What to do: Every line below that includes "Striped" counts toward the total. Report that total alone.

(Source information begins)

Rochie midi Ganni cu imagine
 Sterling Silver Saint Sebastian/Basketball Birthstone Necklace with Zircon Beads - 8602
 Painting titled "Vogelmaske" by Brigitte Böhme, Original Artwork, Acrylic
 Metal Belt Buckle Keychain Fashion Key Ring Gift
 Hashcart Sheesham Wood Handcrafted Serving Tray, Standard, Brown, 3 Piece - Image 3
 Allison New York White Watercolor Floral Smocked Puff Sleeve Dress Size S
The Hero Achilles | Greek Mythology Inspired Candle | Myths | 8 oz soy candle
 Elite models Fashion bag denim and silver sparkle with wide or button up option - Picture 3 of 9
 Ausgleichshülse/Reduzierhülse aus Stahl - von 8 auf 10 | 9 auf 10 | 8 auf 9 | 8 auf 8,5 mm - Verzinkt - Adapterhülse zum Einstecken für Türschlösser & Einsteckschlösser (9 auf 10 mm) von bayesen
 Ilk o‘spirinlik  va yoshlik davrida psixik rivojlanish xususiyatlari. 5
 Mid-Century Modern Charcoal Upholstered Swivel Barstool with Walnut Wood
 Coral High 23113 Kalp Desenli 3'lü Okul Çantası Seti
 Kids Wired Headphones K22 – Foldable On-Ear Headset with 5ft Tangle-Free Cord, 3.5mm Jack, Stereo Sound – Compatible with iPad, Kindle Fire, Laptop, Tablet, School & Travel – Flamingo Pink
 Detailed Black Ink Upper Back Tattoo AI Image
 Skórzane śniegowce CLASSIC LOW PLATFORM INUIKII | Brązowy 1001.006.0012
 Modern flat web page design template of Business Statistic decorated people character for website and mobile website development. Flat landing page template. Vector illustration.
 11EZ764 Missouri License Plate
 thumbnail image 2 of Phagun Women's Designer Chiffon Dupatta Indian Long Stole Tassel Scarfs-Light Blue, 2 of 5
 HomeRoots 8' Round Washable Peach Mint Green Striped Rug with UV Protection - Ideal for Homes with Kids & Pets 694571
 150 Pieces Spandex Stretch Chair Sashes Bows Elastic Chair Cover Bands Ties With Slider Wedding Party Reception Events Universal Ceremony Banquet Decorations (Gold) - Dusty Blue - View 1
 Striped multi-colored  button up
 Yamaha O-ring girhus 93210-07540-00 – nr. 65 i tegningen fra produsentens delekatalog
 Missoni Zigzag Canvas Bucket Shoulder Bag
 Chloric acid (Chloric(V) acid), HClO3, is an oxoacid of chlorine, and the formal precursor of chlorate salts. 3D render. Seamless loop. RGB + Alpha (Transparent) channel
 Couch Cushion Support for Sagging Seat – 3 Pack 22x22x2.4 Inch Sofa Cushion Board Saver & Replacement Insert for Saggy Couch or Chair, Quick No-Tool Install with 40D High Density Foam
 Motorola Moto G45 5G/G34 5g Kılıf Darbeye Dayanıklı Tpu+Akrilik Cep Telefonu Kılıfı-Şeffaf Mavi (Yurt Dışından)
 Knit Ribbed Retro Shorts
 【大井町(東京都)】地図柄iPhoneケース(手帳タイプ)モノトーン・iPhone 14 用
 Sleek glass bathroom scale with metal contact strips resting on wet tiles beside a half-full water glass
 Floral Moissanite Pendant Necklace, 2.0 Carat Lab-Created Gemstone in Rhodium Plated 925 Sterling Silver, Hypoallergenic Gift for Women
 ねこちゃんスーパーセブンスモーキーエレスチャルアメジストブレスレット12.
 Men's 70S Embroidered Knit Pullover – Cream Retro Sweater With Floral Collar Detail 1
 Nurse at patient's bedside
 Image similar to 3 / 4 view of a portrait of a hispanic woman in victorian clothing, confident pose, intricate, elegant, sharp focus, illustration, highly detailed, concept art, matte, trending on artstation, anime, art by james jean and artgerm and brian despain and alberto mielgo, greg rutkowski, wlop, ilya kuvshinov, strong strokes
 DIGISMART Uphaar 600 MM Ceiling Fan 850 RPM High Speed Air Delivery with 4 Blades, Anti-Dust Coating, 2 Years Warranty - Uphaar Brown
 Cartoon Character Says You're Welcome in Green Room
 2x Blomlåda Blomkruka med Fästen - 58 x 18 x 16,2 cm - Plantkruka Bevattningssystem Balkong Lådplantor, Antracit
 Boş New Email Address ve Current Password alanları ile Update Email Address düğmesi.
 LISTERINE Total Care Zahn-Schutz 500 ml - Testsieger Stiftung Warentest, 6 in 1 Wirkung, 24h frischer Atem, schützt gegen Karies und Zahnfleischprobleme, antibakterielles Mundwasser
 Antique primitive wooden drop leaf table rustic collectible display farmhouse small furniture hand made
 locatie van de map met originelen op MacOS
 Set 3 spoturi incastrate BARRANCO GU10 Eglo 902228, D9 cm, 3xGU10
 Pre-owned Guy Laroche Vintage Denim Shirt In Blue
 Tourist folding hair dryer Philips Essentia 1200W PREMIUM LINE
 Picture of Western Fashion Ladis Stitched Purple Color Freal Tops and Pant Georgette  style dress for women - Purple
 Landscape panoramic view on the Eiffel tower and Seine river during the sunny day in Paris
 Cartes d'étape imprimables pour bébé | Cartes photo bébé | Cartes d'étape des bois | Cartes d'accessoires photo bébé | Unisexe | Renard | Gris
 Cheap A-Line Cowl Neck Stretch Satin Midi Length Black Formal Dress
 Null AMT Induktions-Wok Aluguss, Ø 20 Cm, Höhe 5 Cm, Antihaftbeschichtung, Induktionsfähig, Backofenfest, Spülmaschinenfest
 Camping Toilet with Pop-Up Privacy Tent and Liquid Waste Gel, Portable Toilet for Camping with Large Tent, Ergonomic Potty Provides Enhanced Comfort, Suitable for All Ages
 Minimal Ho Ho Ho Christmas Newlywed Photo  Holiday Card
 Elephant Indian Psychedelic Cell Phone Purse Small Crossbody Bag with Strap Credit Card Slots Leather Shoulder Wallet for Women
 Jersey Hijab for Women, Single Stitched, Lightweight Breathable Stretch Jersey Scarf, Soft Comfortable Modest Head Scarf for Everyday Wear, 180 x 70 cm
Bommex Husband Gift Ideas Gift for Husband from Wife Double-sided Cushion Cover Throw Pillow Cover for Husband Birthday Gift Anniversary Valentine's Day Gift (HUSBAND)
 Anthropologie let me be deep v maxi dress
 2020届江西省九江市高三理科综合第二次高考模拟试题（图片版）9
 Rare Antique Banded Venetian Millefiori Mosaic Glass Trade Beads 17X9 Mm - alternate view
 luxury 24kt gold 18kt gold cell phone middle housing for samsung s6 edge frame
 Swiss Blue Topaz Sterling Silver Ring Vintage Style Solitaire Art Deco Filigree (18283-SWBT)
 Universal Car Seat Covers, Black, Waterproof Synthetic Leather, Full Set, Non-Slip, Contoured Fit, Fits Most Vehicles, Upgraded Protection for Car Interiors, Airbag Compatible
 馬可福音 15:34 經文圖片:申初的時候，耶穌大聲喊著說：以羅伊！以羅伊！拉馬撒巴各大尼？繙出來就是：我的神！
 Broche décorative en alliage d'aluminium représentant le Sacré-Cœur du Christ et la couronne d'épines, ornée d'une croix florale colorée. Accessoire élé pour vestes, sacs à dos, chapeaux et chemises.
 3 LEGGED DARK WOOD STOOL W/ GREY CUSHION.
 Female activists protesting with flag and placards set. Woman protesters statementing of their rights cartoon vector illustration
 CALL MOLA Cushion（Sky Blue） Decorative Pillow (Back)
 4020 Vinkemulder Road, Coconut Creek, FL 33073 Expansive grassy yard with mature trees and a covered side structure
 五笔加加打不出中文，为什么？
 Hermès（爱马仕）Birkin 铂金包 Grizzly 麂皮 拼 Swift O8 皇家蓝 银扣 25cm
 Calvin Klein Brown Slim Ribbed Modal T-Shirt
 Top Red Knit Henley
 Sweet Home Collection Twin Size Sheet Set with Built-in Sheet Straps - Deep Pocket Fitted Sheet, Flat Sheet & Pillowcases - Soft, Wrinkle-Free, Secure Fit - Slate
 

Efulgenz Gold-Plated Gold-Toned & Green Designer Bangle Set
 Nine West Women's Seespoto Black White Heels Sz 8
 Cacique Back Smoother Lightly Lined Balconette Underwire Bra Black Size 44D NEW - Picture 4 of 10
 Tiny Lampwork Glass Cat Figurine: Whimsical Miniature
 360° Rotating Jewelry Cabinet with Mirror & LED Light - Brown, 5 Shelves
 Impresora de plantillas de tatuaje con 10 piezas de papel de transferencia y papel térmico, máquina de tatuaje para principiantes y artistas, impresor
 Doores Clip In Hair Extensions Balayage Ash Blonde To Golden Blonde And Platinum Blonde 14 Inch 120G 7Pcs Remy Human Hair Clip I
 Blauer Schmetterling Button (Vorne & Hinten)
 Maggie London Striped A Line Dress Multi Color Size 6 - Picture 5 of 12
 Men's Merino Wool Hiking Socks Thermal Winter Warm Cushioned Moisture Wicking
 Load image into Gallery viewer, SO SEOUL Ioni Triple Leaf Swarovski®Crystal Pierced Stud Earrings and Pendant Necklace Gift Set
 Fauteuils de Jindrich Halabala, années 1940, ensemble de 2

(Source information ends)

Task solution: 3